> **About this task**: The response should be an exact transcription of the data below, free of images.

> **Source information**:
★ ★ ★ ★ ★
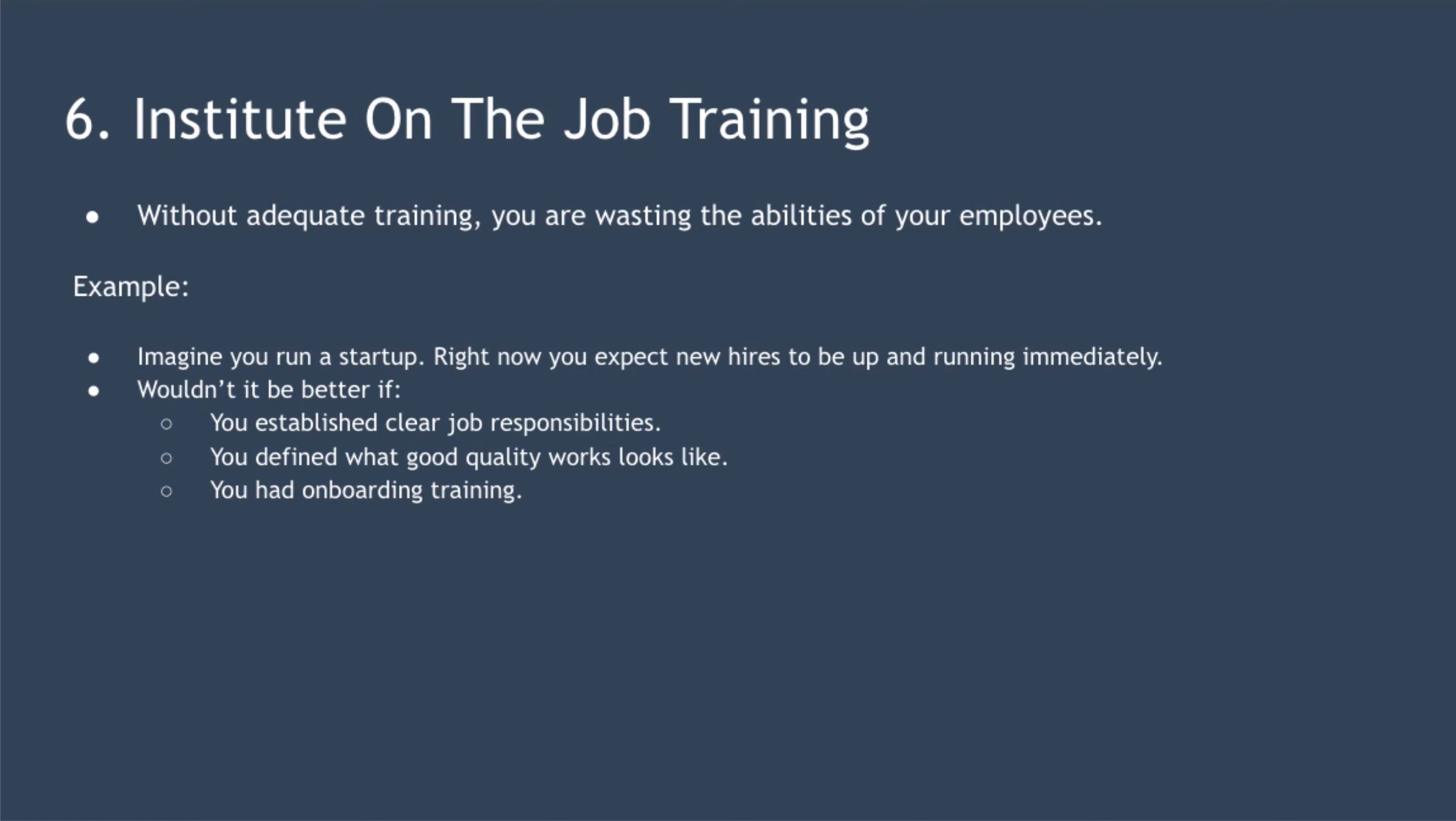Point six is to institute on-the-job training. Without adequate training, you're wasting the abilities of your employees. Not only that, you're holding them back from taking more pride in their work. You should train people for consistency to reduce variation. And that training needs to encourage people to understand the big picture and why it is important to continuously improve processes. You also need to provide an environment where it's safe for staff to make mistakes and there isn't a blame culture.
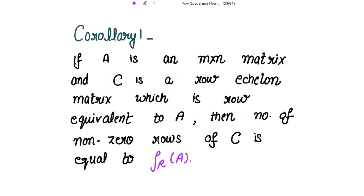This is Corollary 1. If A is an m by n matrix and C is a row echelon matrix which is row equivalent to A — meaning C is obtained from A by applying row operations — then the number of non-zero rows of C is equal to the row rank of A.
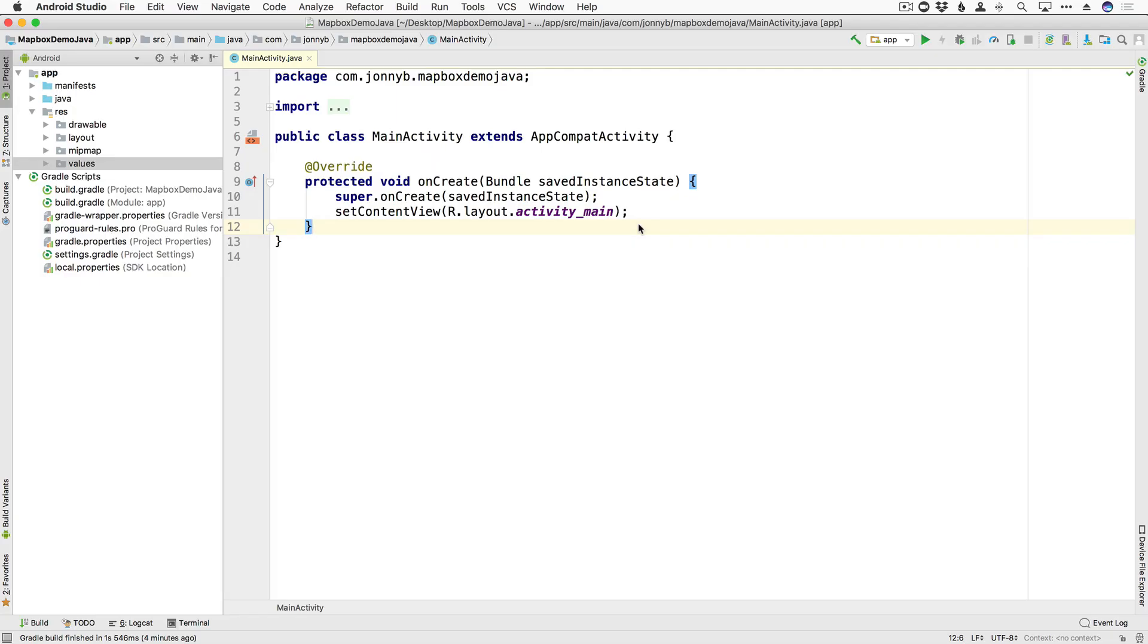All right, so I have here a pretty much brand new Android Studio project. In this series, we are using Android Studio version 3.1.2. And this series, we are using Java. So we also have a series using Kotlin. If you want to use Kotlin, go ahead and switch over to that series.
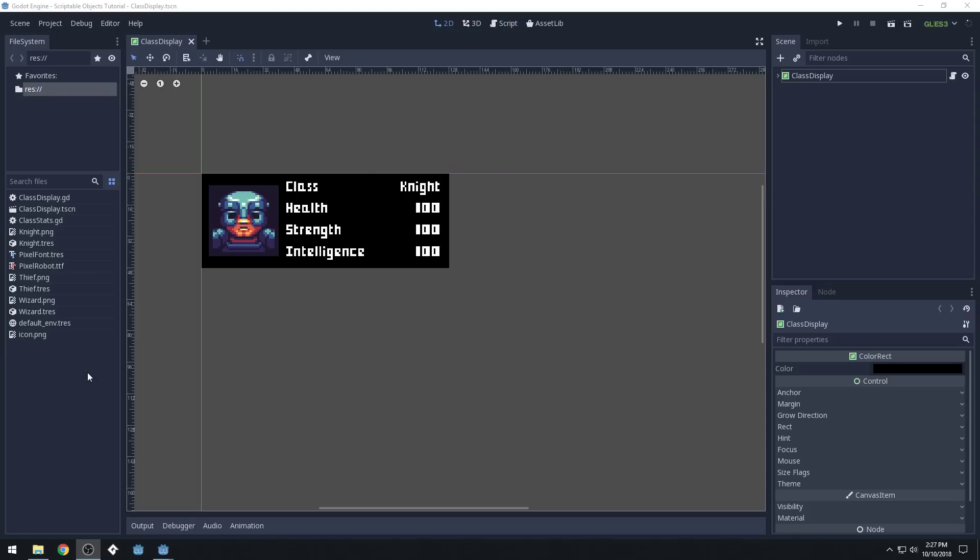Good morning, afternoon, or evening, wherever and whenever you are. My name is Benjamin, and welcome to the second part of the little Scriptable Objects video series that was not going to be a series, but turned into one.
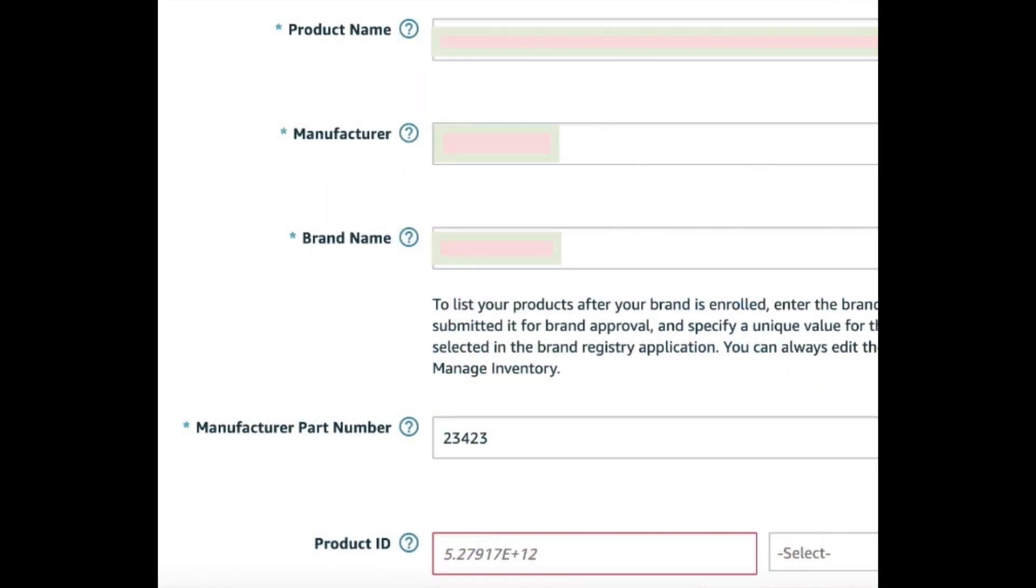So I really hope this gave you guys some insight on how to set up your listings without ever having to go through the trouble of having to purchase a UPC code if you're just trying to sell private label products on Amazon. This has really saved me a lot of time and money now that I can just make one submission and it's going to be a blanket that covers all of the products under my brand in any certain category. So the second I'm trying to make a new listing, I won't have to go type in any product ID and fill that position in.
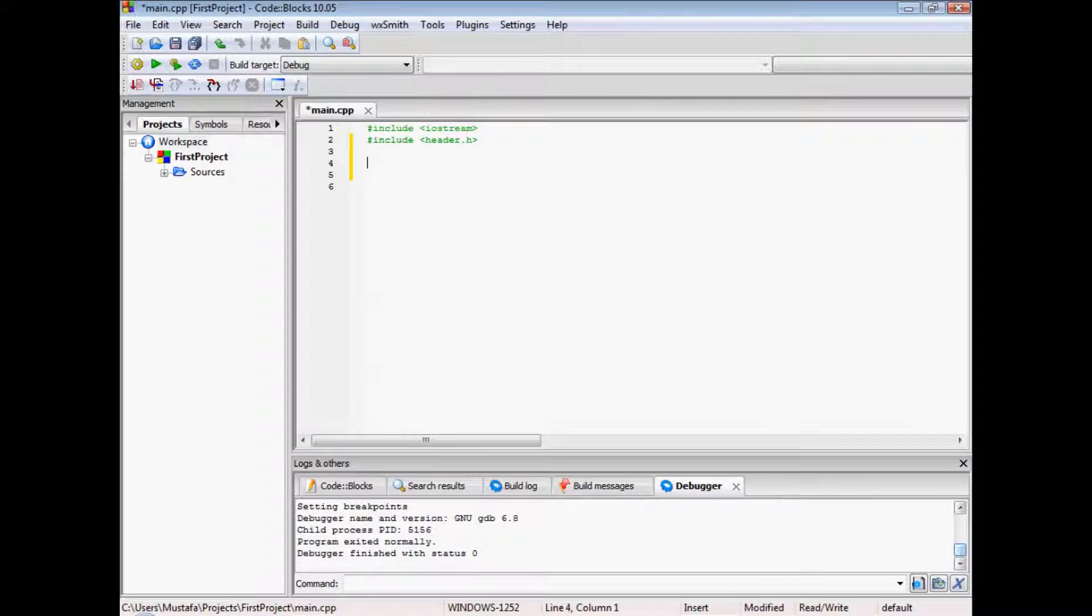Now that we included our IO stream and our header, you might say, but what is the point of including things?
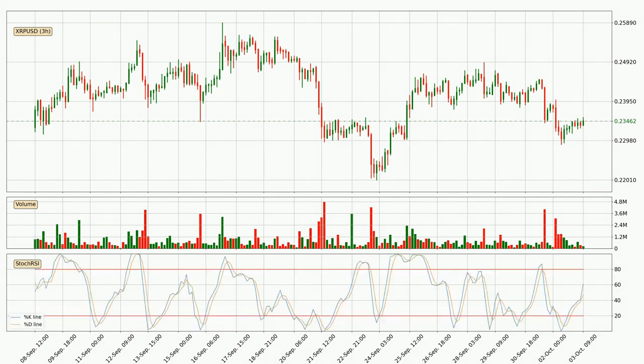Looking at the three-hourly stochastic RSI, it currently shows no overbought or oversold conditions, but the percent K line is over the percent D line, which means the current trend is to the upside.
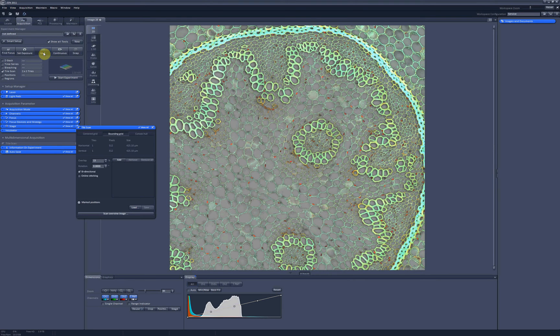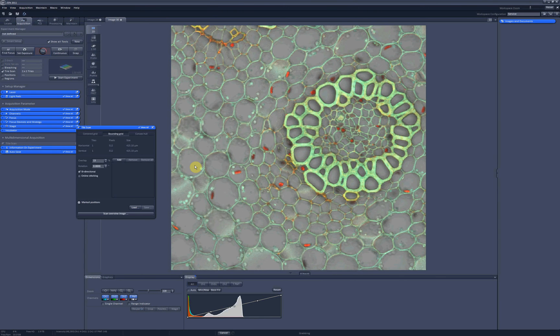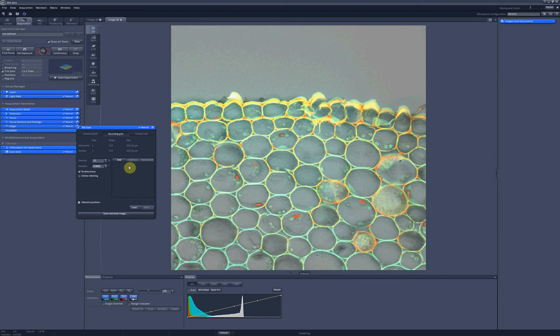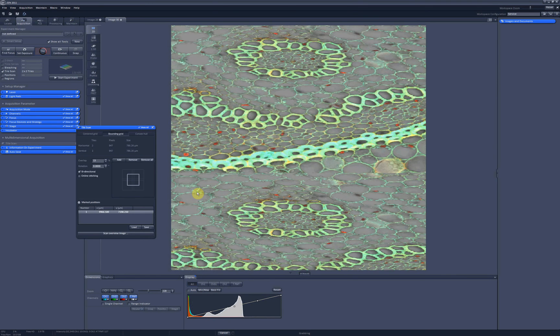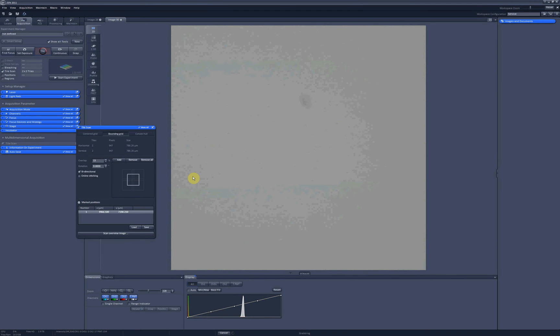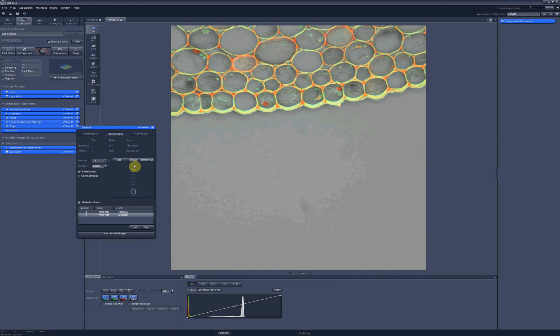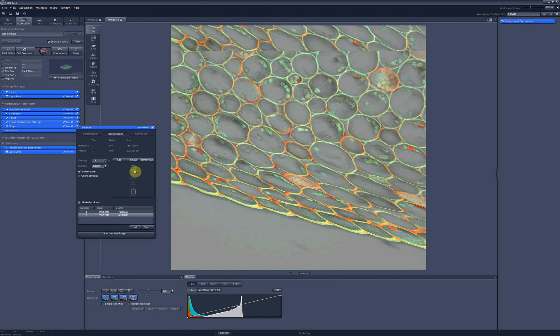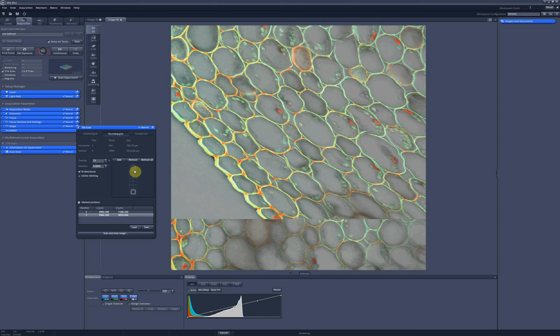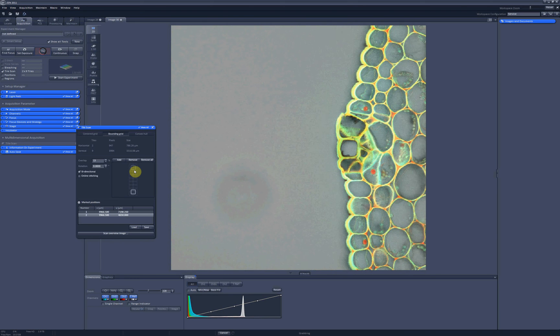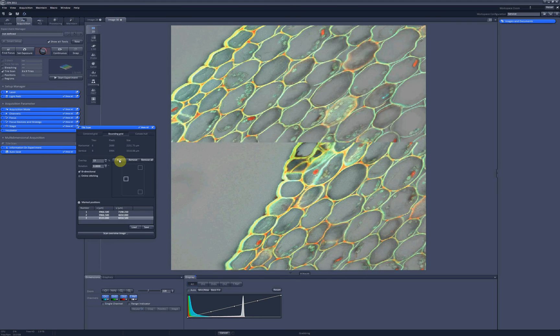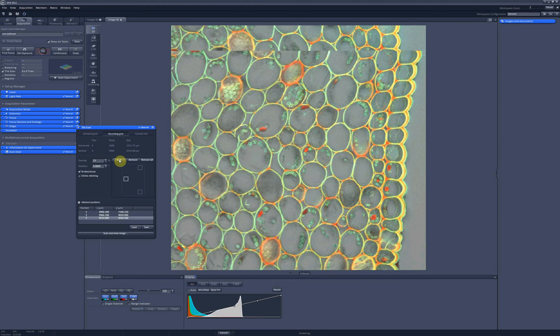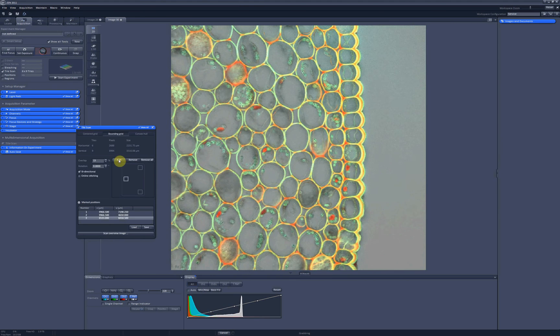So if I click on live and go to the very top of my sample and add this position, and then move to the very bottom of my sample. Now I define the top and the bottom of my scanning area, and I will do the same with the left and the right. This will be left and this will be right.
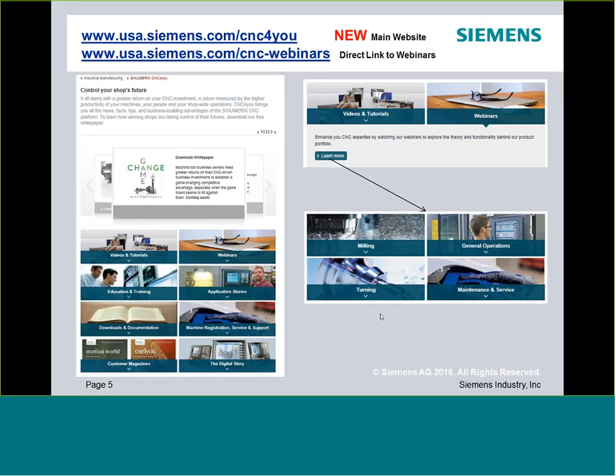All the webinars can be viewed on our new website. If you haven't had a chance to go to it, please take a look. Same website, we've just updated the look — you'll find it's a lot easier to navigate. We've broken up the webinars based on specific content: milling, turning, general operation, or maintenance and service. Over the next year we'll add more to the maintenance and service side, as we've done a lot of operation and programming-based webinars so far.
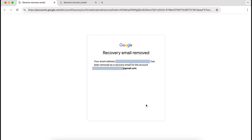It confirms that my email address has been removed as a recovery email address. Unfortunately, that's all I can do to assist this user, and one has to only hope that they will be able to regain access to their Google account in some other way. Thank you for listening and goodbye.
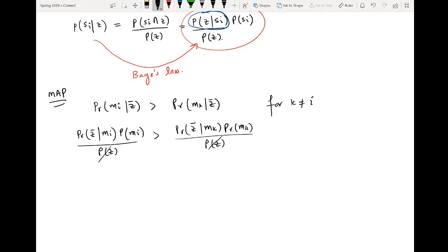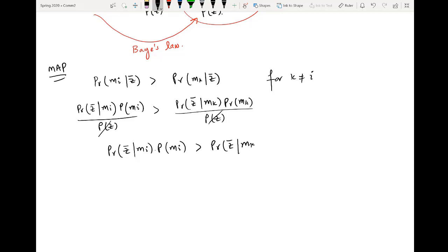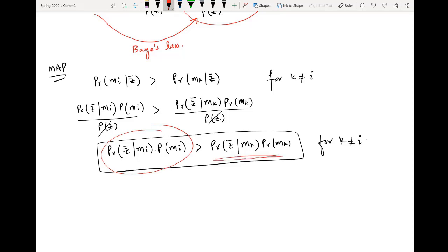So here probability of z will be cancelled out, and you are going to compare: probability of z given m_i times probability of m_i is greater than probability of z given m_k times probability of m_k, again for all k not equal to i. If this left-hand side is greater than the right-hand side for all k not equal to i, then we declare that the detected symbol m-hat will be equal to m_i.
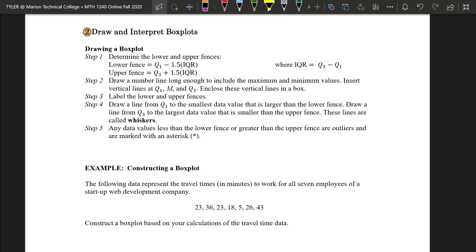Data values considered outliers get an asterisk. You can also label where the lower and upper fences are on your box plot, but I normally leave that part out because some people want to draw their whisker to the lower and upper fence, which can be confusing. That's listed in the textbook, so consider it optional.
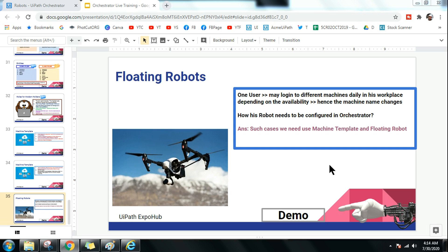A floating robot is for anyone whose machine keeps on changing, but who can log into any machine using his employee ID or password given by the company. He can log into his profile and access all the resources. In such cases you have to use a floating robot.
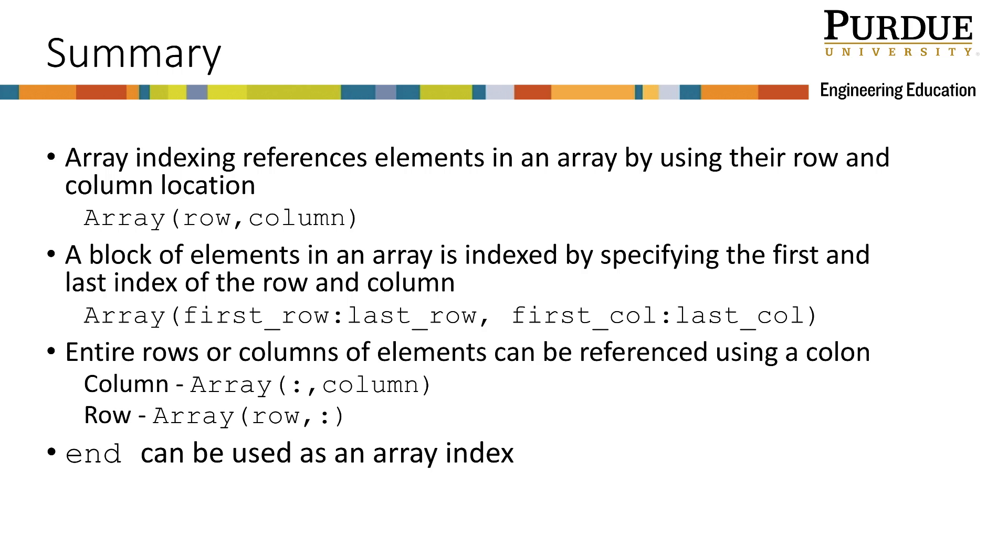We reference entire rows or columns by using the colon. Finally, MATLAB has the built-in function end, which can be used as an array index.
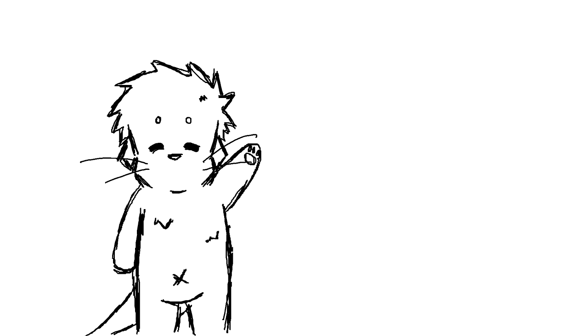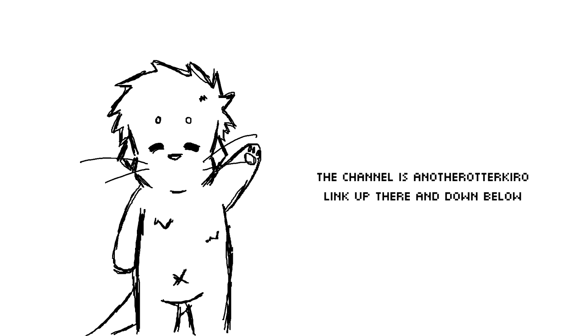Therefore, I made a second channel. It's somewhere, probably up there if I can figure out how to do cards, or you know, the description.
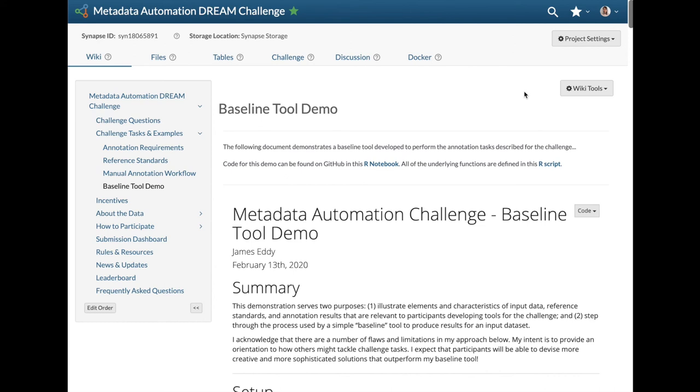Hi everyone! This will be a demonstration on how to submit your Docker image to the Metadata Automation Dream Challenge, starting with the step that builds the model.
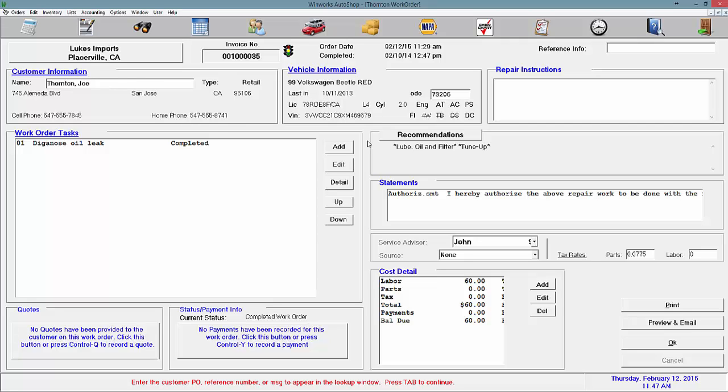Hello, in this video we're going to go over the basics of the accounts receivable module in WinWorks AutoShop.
★ ★ ★ ★ ★
> **Answer to the exercise**:
Point six is to institute on-the-job training. Without adequate training, you're wasting the abilities of your employees. Not only that, you're holding them back from taking more pride in their work. You should train people for consistency to reduce variation. And that training needs to encourage people to understand the big picture and why it is important to continuously improve processes. You also need to provide an environment where it's safe for staff to make mistakes and there isn't a blame culture.
This is Corollary 1. If A is an m by n matrix and C is a row echelon matrix which is row equivalent to A — meaning C is obtained from A by applying row operations — then the number of non-zero rows of C is equal to the row rank of A.
All right, so I have here a pretty much brand new Android Studio project. In this series, we are using Android Studio version 3.1.2. And this series, we are using Java. So we also have a series using Kotlin. If you want to use Kotlin, go ahead and switch over to that series.
Good morning, afternoon, or evening, wherever and whenever you are. My name is Benjamin, and welcome to the second part of the little Scriptable Objects video series that was not going to be a series, but turned into one.
So I really hope this gave you guys some insight on how to set up your listings without ever having to go through the trouble of having to purchase a UPC code if you're just trying to sell private label products on Amazon. This has really saved me a lot of time and money now that I can just make one submission and it's going to be a blanket that covers all of the products under my brand in any certain category. So the second I'm trying to make a new listing, I won't have to go type in any product ID and fill that position in.
Now that we included our IO stream and our header, you might say, but what is the point of including things?
Looking at the three-hourly stochastic RSI, it currently shows no overbought or oversold conditions, but the percent K line is over the percent D line, which means the current trend is to the upside.
So if I click on live and go to the very top of my sample and add this position, and then move to the very bottom of my sample. Now I define the top and the bottom of my scanning area, and I will do the same with the left and the right. This will be left and this will be right.
All the webinars can be viewed on our new website. If you haven't had a chance to go to it, please take a look. Same website, we've just updated the look — you'll find it's a lot easier to navigate. We've broken up the webinars based on specific content: milling, turning, general operation, or maintenance and service. Over the next year we'll add more to the maintenance and service side, as we've done a lot of operation and programming-based webinars so far.
It confirms that my email address has been removed as a recovery email address. Unfortunately, that's all I can do to assist this user, and one has to only hope that they will be able to regain access to their Google account in some other way. Thank you for listening and goodbye.
So here probability of z will be cancelled out, and you are going to compare: probability of z given m_i times probability of m_i is greater than probability of z given m_k times probability of m_k, again for all k not equal to i. If this left-hand side is greater than the right-hand side for all k not equal to i, then we declare that the detected symbol m-hat will be equal to m_i.
Data values considered outliers get an asterisk. You can also label where the lower and upper fences are on your box plot, but I normally leave that part out because some people want to draw their whisker to the lower and upper fence, which can be confusing. That's listed in the textbook, so consider it optional.
A floating robot is for anyone whose machine keeps on changing, but who can log into any machine using his employee ID or password given by the company. He can log into his profile and access all the resources. In such cases you have to use a floating robot.
We reference entire rows or columns by using the colon. Finally, MATLAB has the built-in function end, which can be used as an array index.
Therefore, I made a second channel. It's somewhere, probably up there if I can figure out how to do cards, or you know, the description.
Hi everyone! This will be a demonstration on how to submit your Docker image to the Metadata Automation Dream Challenge, starting with the step that builds the model.
Hello, in this video we're going to go over the basics of the accounts receivable module in WinWorks AutoShop.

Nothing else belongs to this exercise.